Primeira secretária negra de Cultura da cidade de São Paulo traz para a cadeira da área os ensinamentos e os aprendizados que teve nas ruas da periferia. Por Graziela Salomão

Foto: Larissa Saram/Púrpura Mag

Aos 38 anos, Aline Torres é daquelas mulheres que seguem seus desejos e lutam pelo que acreditam. Criada em Pirituba, periferia da zona norte da capital paulista, chegou ao secretariado de Cultura da atual gestão municipal de São Paulo mudando paradigmas: em 2021, foi a primeira mulher negra a assumir a cadeira da área. “Acho que nem eu tenho dimensão da importância disso. Talvez, quando eu saia e veja a minha fotinho ali ao lado dos outros secretários daqui uns 20 anos, vai ser impactante o fato de ter sido a primeira mulher negra a ocupar um espaço de poder”, diz, ao fazer referência à galeria de fotos dos últimos 23 secretários que passaram pelo cargo e que fica exposta no histórico edifício Sampaio Moreira, primeiro arranha-céu da cidade e sede da Secretaria, onde aconteceu nossa conversa para o “Mulheres e a Cidade”. De sua sala, a vista estonteante do centro histórico paulistano inspira a ressignificação da cidade para todas as mulheres através da Cultura. “Valorizar as mulheres nos palcos, nos territórios, é muito forte e impactante. Além disso, é uma forma de impulsionar outras mulheres a quererem estar nesse lugar”. 

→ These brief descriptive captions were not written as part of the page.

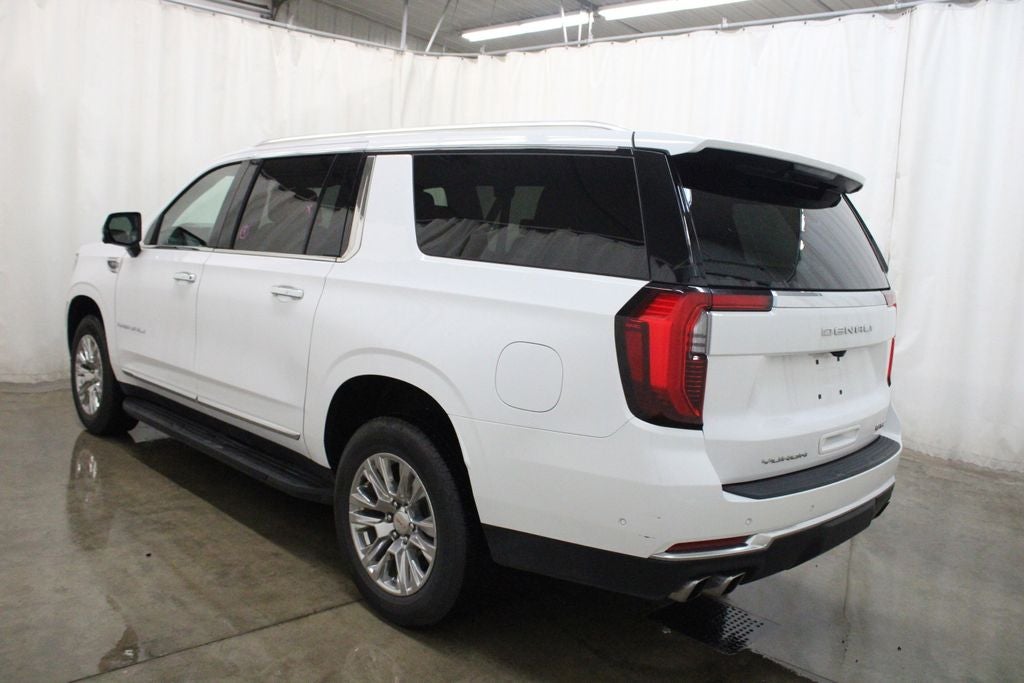 2025 GMC Yukon XL Denali 4WD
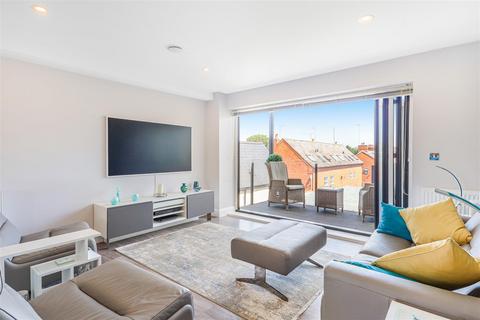 3 bedroom apartment for sale, Warwick Road, Kenilworth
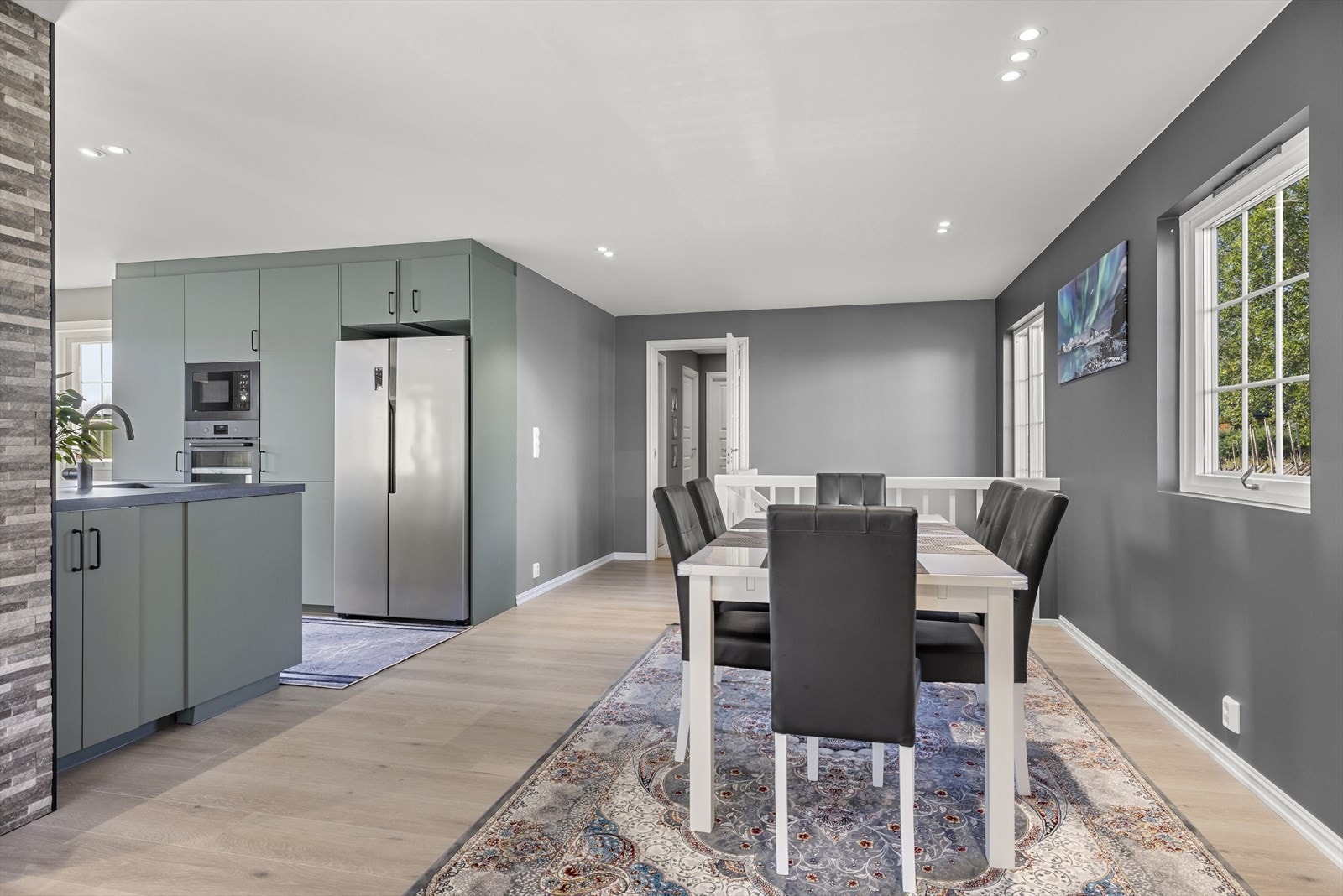 Plass til egen spisegruppe mellom stue og kjøkken. Galleribilde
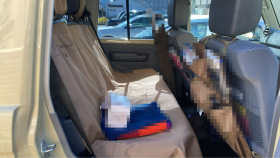 内装後方シート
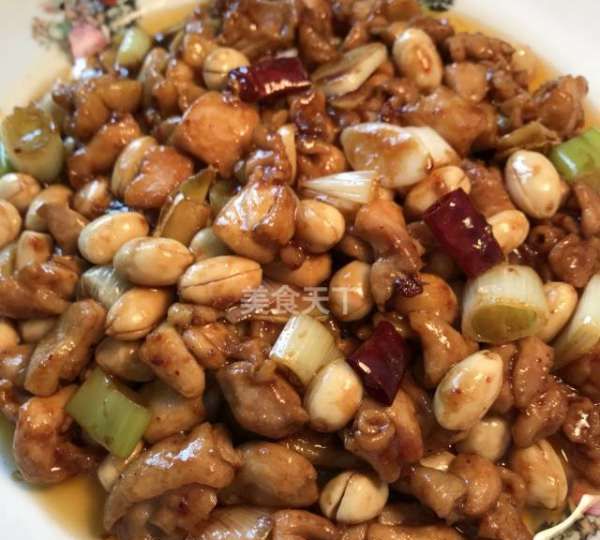 传统名菜宫保鸡丁,宫保鸡丁什么菜系图10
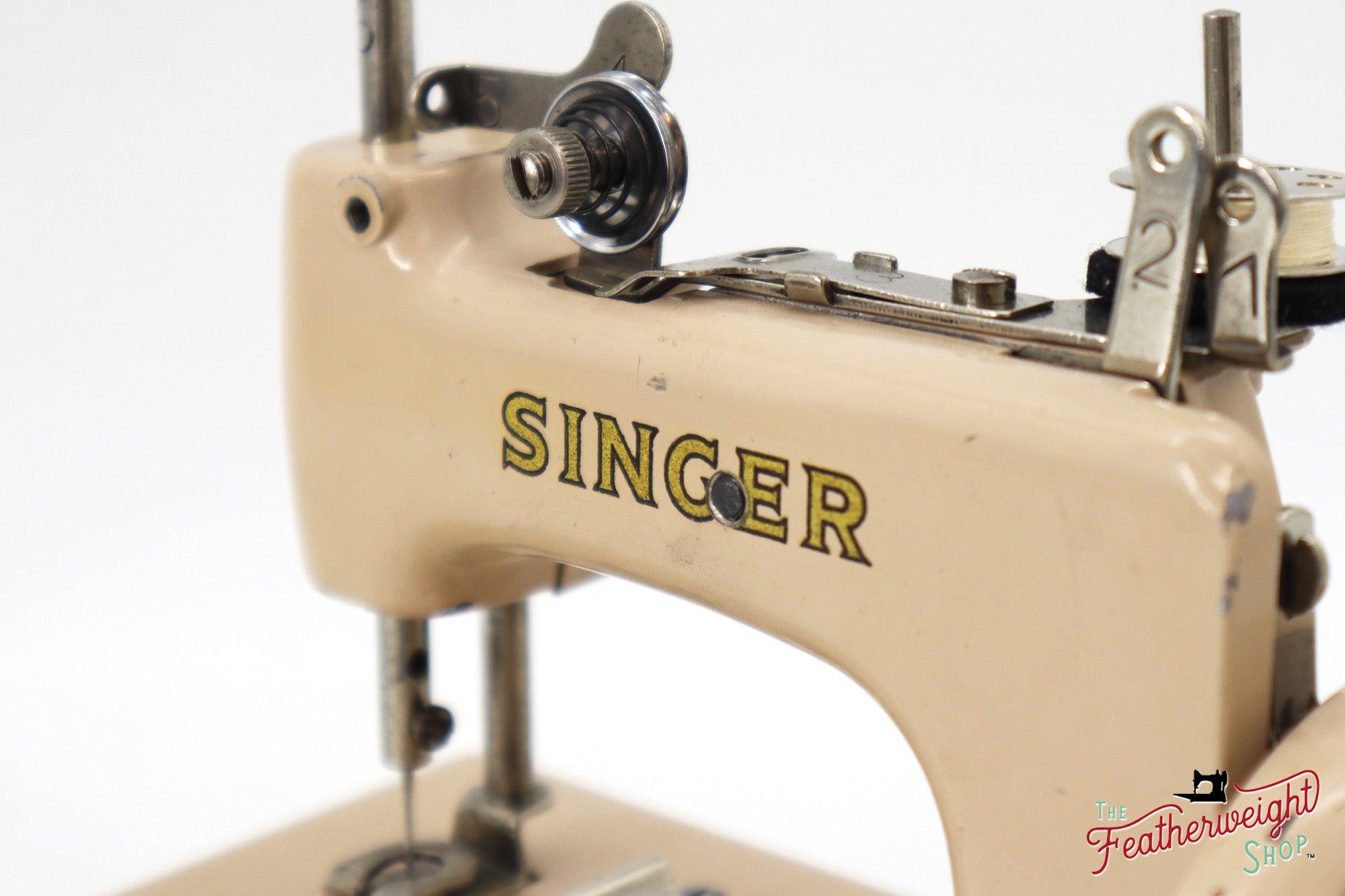 Singer Sewhandy Model 20 - Original Pastry - RARE, Oct. 2024 Faire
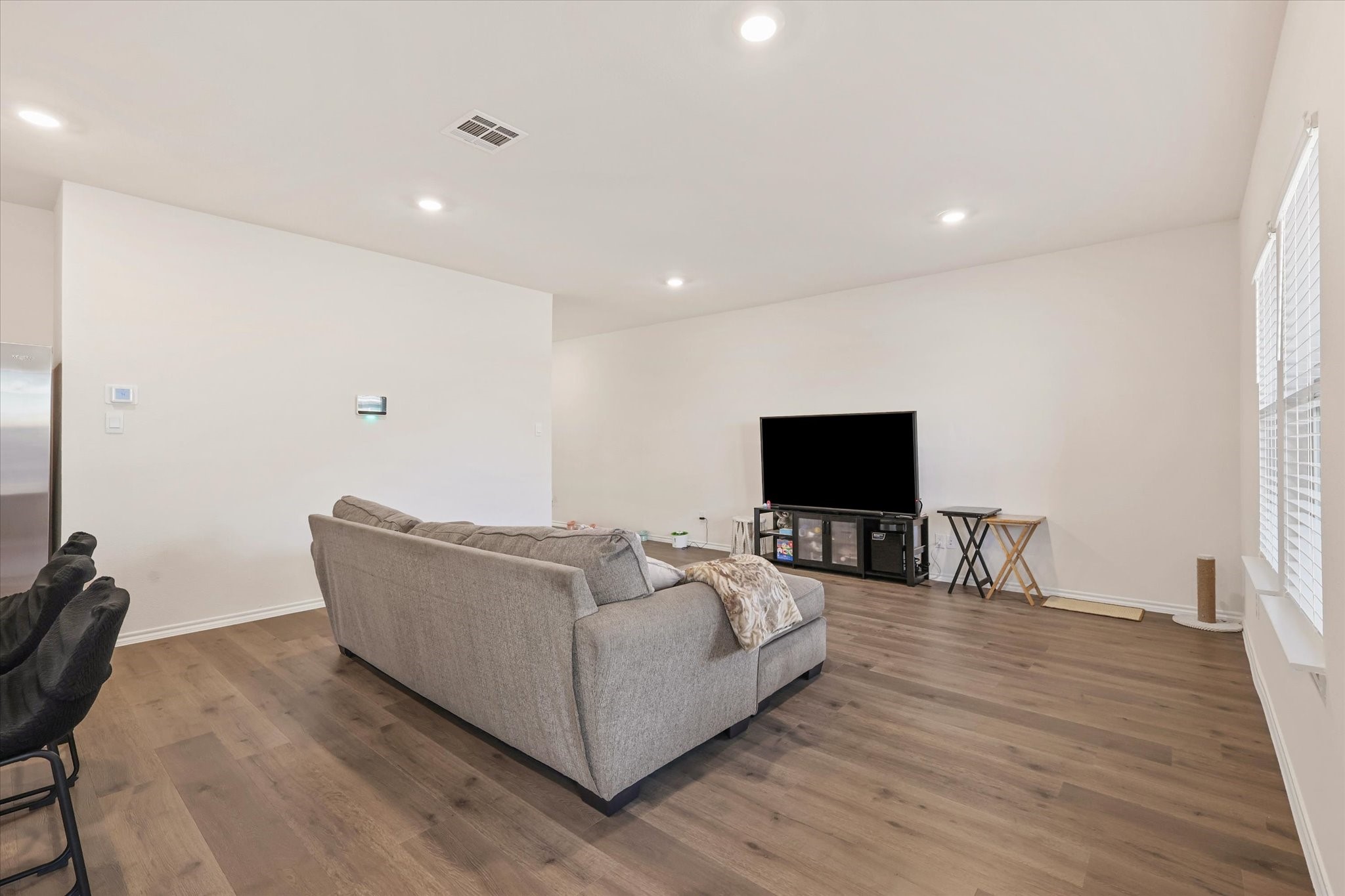 3329 Watterson Way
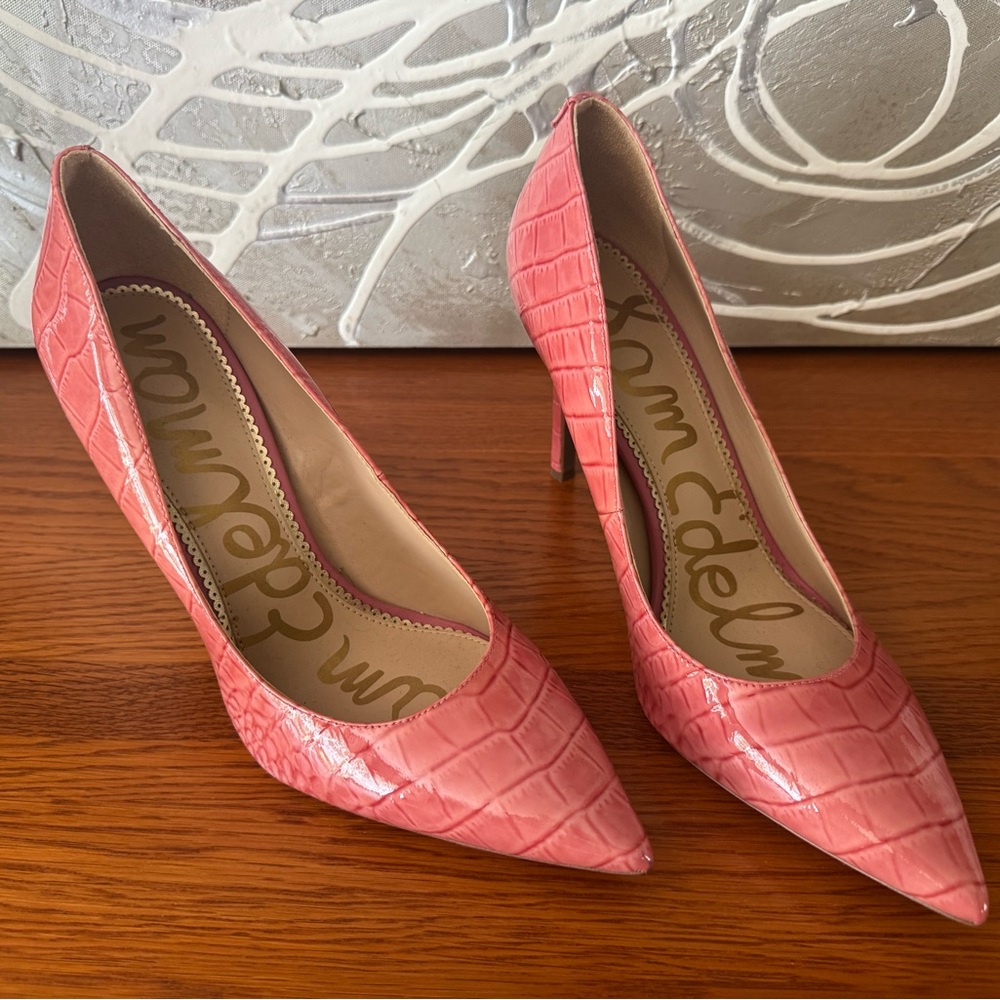 Sam Edelman Pink Croc-Embossed Heels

Para ela, é essa força que aprendeu desde os tempos de adolescente nas ruas de Pirituba, ao som de rap e hip hop, que a faz seguir o que acredita nas mais diversas decisões. “Eu preciso ouvir, não sou dona da verdade. Mas escuto mais ainda o meu sexto sentido. Pode estar todo mundo falando “não faça”, se o meu sexto sentido falar “faz”, eu faço”, afirma. E essa determinação ela traz no currículo. Começou a atuar na Educafro, organização que tem como objetivo promover a inclusão da população afrodescendente e jovem no ensino superior, aos 16 anos. Dois anos depois, já estava envolvida com a política ao ingressar na juventude do PSDB.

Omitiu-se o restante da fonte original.